→ What is needed: For this exercise, write out each entry below exactly as it reads.

Scraped caption text data

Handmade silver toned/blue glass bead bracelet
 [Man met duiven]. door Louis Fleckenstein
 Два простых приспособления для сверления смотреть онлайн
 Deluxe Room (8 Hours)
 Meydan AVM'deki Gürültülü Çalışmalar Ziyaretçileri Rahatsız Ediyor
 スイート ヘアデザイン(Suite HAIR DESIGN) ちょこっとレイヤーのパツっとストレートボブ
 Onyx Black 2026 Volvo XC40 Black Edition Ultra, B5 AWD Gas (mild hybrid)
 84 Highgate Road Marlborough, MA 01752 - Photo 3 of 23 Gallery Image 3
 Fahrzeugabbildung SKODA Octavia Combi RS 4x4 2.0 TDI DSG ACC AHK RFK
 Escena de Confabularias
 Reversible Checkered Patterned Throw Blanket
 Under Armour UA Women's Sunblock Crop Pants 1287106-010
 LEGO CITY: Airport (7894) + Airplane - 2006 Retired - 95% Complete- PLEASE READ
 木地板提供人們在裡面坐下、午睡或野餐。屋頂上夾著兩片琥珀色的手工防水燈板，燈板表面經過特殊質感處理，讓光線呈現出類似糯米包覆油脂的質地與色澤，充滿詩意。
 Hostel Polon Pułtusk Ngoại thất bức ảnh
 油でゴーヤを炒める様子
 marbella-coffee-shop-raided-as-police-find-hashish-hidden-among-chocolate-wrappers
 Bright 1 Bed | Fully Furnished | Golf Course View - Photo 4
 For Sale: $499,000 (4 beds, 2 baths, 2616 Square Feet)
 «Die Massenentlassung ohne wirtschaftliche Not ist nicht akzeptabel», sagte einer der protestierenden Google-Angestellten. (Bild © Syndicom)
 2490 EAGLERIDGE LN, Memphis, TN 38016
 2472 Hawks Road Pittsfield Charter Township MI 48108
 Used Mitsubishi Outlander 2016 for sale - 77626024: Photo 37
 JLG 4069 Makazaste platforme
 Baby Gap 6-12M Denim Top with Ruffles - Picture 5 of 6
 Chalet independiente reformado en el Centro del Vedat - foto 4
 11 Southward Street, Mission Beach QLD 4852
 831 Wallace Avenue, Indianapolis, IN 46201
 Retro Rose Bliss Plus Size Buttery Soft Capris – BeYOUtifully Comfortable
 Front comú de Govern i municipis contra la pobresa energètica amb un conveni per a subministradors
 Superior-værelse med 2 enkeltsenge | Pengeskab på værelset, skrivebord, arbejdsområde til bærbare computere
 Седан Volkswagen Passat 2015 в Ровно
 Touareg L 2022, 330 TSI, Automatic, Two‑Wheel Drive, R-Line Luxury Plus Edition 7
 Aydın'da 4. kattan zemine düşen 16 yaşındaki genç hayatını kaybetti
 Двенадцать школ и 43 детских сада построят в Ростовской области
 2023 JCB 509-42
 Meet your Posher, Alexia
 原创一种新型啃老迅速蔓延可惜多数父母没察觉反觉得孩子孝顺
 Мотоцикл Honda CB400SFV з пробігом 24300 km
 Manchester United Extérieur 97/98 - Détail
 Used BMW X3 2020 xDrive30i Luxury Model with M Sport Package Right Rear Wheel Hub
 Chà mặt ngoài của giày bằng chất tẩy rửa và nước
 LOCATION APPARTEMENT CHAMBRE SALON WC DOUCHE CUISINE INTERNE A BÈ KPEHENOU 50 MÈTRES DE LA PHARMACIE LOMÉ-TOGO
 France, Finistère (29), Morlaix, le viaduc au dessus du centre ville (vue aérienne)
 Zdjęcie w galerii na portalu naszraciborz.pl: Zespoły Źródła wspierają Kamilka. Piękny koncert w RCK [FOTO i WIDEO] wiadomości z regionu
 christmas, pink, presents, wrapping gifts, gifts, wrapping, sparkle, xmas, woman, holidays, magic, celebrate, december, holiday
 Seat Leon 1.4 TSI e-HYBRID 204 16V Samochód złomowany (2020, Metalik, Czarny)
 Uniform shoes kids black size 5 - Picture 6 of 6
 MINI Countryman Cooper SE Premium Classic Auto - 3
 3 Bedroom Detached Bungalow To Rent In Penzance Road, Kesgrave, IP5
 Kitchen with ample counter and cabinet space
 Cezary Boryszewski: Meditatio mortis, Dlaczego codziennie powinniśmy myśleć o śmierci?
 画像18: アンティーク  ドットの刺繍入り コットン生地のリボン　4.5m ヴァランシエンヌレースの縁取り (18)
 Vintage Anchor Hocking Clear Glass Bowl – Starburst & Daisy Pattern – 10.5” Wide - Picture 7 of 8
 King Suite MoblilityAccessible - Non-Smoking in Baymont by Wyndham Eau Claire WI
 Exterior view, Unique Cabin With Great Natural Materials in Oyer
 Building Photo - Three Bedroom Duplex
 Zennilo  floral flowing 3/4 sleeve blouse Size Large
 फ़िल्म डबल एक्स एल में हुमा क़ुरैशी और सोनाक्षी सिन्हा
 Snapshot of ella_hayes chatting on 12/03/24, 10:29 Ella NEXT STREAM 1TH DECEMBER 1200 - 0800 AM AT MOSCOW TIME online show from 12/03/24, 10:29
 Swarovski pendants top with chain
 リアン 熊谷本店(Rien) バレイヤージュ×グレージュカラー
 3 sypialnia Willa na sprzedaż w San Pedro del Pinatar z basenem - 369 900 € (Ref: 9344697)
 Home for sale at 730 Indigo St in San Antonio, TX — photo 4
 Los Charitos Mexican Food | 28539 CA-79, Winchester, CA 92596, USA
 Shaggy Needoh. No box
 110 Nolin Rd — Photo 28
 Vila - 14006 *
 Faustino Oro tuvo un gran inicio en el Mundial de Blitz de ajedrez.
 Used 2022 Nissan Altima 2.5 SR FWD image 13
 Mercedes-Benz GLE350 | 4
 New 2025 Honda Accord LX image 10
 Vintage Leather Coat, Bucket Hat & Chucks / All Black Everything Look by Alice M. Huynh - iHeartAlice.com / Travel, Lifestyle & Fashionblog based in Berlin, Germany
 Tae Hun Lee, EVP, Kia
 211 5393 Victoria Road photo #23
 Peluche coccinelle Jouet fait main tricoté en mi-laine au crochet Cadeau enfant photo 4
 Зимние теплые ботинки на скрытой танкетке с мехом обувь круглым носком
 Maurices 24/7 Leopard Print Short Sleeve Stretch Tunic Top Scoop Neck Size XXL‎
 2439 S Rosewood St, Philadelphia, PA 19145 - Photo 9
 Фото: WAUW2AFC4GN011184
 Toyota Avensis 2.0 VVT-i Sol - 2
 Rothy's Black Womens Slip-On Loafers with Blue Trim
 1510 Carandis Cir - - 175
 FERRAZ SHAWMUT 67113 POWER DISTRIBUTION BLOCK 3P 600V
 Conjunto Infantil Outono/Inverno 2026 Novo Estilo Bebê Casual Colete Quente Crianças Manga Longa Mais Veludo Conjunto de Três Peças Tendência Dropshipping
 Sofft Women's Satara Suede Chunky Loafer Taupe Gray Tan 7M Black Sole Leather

→ Task result:
Handmade silver toned/blue glass bead bracelet
 [Man met duiven]. door Louis Fleckenstein
 Два простых приспособления для сверления смотреть онлайн
 Deluxe Room (8 Hours)
 Meydan AVM'deki Gürültülü Çalışmalar Ziyaretçileri Rahatsız Ediyor
 スイート ヘアデザイン(Suite HAIR DESIGN) ちょこっとレイヤーのパツっとストレートボブ
 Onyx Black 2026 Volvo XC40 Black Edition Ultra, B5 AWD Gas (mild hybrid)
 84 Highgate Road Marlborough, MA 01752 - Photo 3 of 23 Gallery Image 3
 Fahrzeugabbildung SKODA Octavia Combi RS 4x4 2.0 TDI DSG ACC AHK RFK
 Escena de Confabularias
 Reversible Checkered Patterned Throw Blanket
 Under Armour UA Women's Sunblock Crop Pants 1287106-010
 LEGO CITY: Airport (7894) + Airplane - 2006 Retired - 95% Complete- PLEASE READ
 木地板提供人們在裡面坐下、午睡或野餐。屋頂上夾著兩片琥珀色的手工防水燈板，燈板表面經過特殊質感處理，讓光線呈現出類似糯米包覆油脂的質地與色澤，充滿詩意。
 Hostel Polon Pułtusk Ngoại thất bức ảnh
 油でゴーヤを炒める様子
 marbella-coffee-shop-raided-as-police-find-hashish-hidden-among-chocolate-wrappers
 Bright 1 Bed | Fully Furnished | Golf Course View - Photo 4
 For Sale: $499,000 (4 beds, 2 baths, 2616 Square Feet)
 «Die Massenentlassung ohne wirtschaftliche Not ist nicht akzeptabel», sagte einer der protestierenden Google-Angestellten. (Bild © Syndicom)
 2490 EAGLERIDGE LN, Memphis, TN 38016
 2472 Hawks Road Pittsfield Charter Township MI 48108
 Used Mitsubishi Outlander 2016 for sale - 77626024: Photo 37
 JLG 4069 Makazaste platforme
 Baby Gap 6-12M Denim Top with Ruffles - Picture 5 of 6
 Chalet independiente reformado en el Centro del Vedat - foto 4
 11 Southward Street, Mission Beach QLD 4852
 831 Wallace Avenue, Indianapolis, IN 46201
 Retro Rose Bliss Plus Size Buttery Soft Capris – BeYOUtifully Comfortable
 Front comú de Govern i municipis contra la pobresa energètica amb un conveni per a subministradors
 Superior-værelse med 2 enkeltsenge | Pengeskab på værelset, skrivebord, arbejdsområde til bærbare computere
 Седан Volkswagen Passat 2015 в Ровно
 Touareg L 2022, 330 TSI, Automatic, Two‑Wheel Drive, R-Line Luxury Plus Edition 7
 Aydın'da 4. kattan zemine düşen 16 yaşındaki genç hayatını kaybetti
 Двенадцать школ и 43 детских сада построят в Ростовской области
 2023 JCB 509-42
 Meet your Posher, Alexia
 原创一种新型啃老迅速蔓延可惜多数父母没察觉反觉得孩子孝顺
 Мотоцикл Honda CB400SFV з пробігом 24300 km
 Manchester United Extérieur 97/98 - Détail
 Used BMW X3 2020 xDrive30i Luxury Model with M Sport Package Right Rear Wheel Hub
 Chà mặt ngoài của giày bằng chất tẩy rửa và nước
 LOCATION APPARTEMENT CHAMBRE SALON WC DOUCHE CUISINE INTERNE A BÈ KPEHENOU 50 MÈTRES DE LA PHARMACIE LOMÉ-TOGO
 France, Finistère (29), Morlaix, le viaduc au dessus du centre ville (vue aérienne)
 Zdjęcie w galerii na portalu naszraciborz.pl: Zespoły Źródła wspierają Kamilka. Piękny koncert w RCK [FOTO i WIDEO] wiadomości z regionu
 christmas, pink, presents, wrapping gifts, gifts, wrapping, sparkle, xmas, woman, holidays, magic, celebrate, december, holiday
 Seat Leon 1.4 TSI e-HYBRID 204 16V Samochód złomowany (2020, Metalik, Czarny)
 Uniform shoes kids black size 5 - Picture 6 of 6
 MINI Countryman Cooper SE Premium Classic Auto - 3
 3 Bedroom Detached Bungalow To Rent In Penzance Road, Kesgrave, IP5
 Kitchen with ample counter and cabinet space
 Cezary Boryszewski: Meditatio mortis, Dlaczego codziennie powinniśmy myśleć o śmierci?
 画像18: アンティーク  ドットの刺繍入り コットン生地のリボン　4.5m ヴァランシエンヌレースの縁取り (18)
 Vintage Anchor Hocking Clear Glass Bowl – Starburst & Daisy Pattern – 10.5” Wide - Picture 7 of 8
 King Suite MoblilityAccessible - Non-Smoking in Baymont by Wyndham Eau Claire WI
 Exterior view, Unique Cabin With Great Natural Materials in Oyer
 Building Photo - Three Bedroom Duplex
 Zennilo  floral flowing 3/4 sleeve blouse Size Large
 फ़िल्म डबल एक्स एल में हुमा क़ुरैशी और सोनाक्षी सिन्हा
 Snapshot of ella_hayes chatting on 12/03/24, 10:29 Ella NEXT STREAM 1TH DECEMBER 1200 - 0800 AM AT MOSCOW TIME online show from 12/03/24, 10:29
 Swarovski pendants top with chain
 リアン 熊谷本店(Rien) バレイヤージュ×グレージュカラー
 3 sypialnia Willa na sprzedaż w San Pedro del Pinatar z basenem - 369 900 € (Ref: 9344697)
 Home for sale at 730 Indigo St in San Antonio, TX — photo 4
 Los Charitos Mexican Food | 28539 CA-79, Winchester, CA 92596, USA
 Shaggy Needoh. No box
 110 Nolin Rd — Photo 28
 Vila - 14006 *
 Faustino Oro tuvo un gran inicio en el Mundial de Blitz de ajedrez.
 Used 2022 Nissan Altima 2.5 SR FWD image 13
 Mercedes-Benz GLE350 | 4
 New 2025 Honda Accord LX image 10
 Vintage Leather Coat, Bucket Hat & Chucks / All Black Everything Look by Alice M. Huynh - iHeartAlice.com / Travel, Lifestyle & Fashionblog based in Berlin, Germany
 Tae Hun Lee, EVP, Kia
 211 5393 Victoria Road photo #23
 Peluche coccinelle Jouet fait main tricoté en mi-laine au crochet Cadeau enfant photo 4
 Зимние теплые ботинки на скрытой танкетке с мехом обувь круглым носком
 Maurices 24/7 Leopard Print Short Sleeve Stretch Tunic Top Scoop Neck Size XXL‎
 2439 S Rosewood St, Philadelphia, PA 19145 - Photo 9
 Фото: WAUW2AFC4GN011184
 Toyota Avensis 2.0 VVT-i Sol - 2
 Rothy's Black Womens Slip-On Loafers with Blue Trim
 1510 Carandis Cir - - 175
 FERRAZ SHAWMUT 67113 POWER DISTRIBUTION BLOCK 3P 600V
 Conjunto Infantil Outono/Inverno 2026 Novo Estilo Bebê Casual Colete Quente Crianças Manga Longa Mais Veludo Conjunto de Três Peças Tendência Dropshipping
 Sofft Women's Satara Suede Chunky Loafer Taupe Gray Tan 7M Black Sole Leather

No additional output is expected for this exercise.